Really? Are you sure about that?  I bet you do. Let me speak to the two kinds of youth workers who may be reading this

If you are a volunteer/bi vocational youth worker 

You have quite a task. You have minimal amount of time to get a lesson or message ready all the while working your other job. You love the youth ministry but you don’t feel like you have enough time to do anything well. I’ve been there. What can you do?

You are doing all you can.  I would not feel one ounce of guilt because you can’t do it all, but the key is doing what matters most with the time you do have.

When I was part time/bi vocational,  I wasn’t great at balancing life/work, it was just work. If I had it to do over, I would spend my time

  • connecting more with students outside of church
  • calling/texting students to just say hi and ask for prayer requests
  • accepting my limitations and embracing God’s grace

If you are a bivocational/volunteer youth worker, you can’t necessarily do more but you can be more.

Why not:

Listen to a few youth ministry podcasts to and from work like After 9,  DYM, and my podcast, Youth Ministry in Motion.

You could watch some YouTube vids from Stuff You Can Use  or my channel HERE instead of mindlessly scrolling cat/baby videos and memes.

The best way to use time, is intentionally.

Remember, even more important than your youth ministry knowledge  is your ability to be available. If you’re available to talk, eat, and do life with students, you won’t have to worry about having enough time to do stuff that doesn’t matter, you’ll be investing your most important minutes face to face or text to text with kids. That’s the stuff that matters.
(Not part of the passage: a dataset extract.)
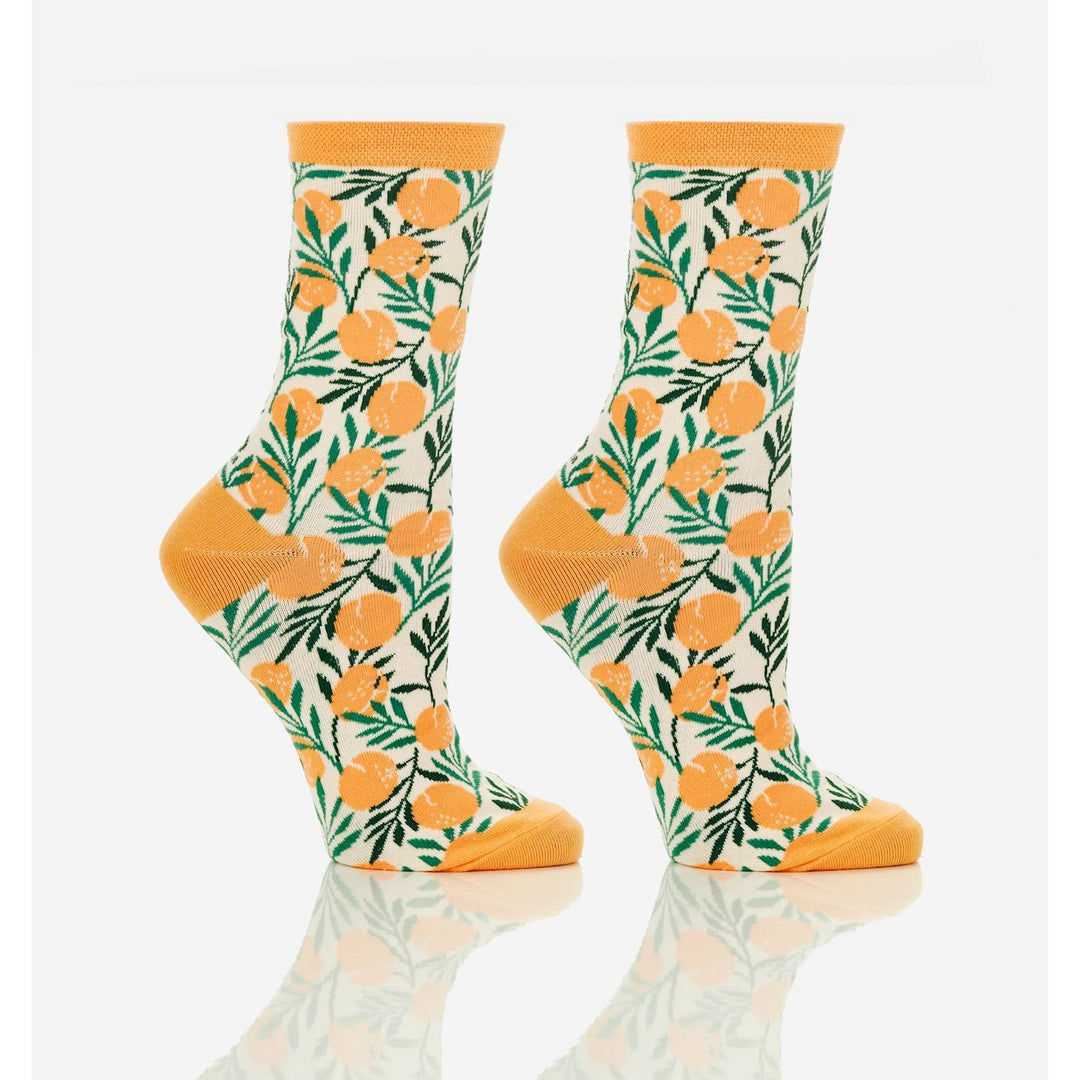 Women's Crew Sock, Peaches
If you are looking for lessons and material to make life a little easier, I do have a store packed with lessons that last 4-5 weeks.

To you who are full time (some of you)

Think about your day, your habits, your time wasters. You are privileged. You have the joy of serving full time and yet you waste tons of time on stuff that will not matter on earth or in eternity.  You waste so much time on frivolousness and trivia that you become unaware that you’re losing kids, losing momentum, and losing credibility.

You know the phrase “Rome burned while Nero played his fiddle.”? Well, it’s possible that you are, unnecessarily, burning time off the clock of our youth ministry careers to pursue stuff that, in the end, will not matter. This roller coaster road trip could end tomorrow or in 10 years, you don’t know. This is why time is so important and should not be wasted.

How To Kill This Excuse: Discipline

Now, if you’re happy with a lifestyle where you get to snub your nose at time, go all in, enjoy. But, if you’re complaining about your ministry, your lack of kids, your lack of vision, the lack of passion, please don’t use the excuse that you do not have enough time. You have control over that and you know something has to go.

Stop

bingeing Netflix/Hulu etc.
Playing on the computer
Spending so much time playing golf
Watching so much T.V.

Pick your poison. I know all work and no play makes Jack a dull boy and  I am not against play, fun or any of the things I have listed above. For a time, a season, you may have to put some of this away so you can work on a skill you need such as

Take college course in person or online
Watch Youtube videos about a youth ministry subject
Join a community where you can build your skills
Seek out a coach for extra help and encouragement
Take a class at the Y or the library

There are options available to us all, the question is whether you will accept the discipline to do it.

You can’t  make excuses and make a difference at the same time.

Redeem your time. Buy it back, or if it’s been kidnapped, go Taken on it and get it back at any cost.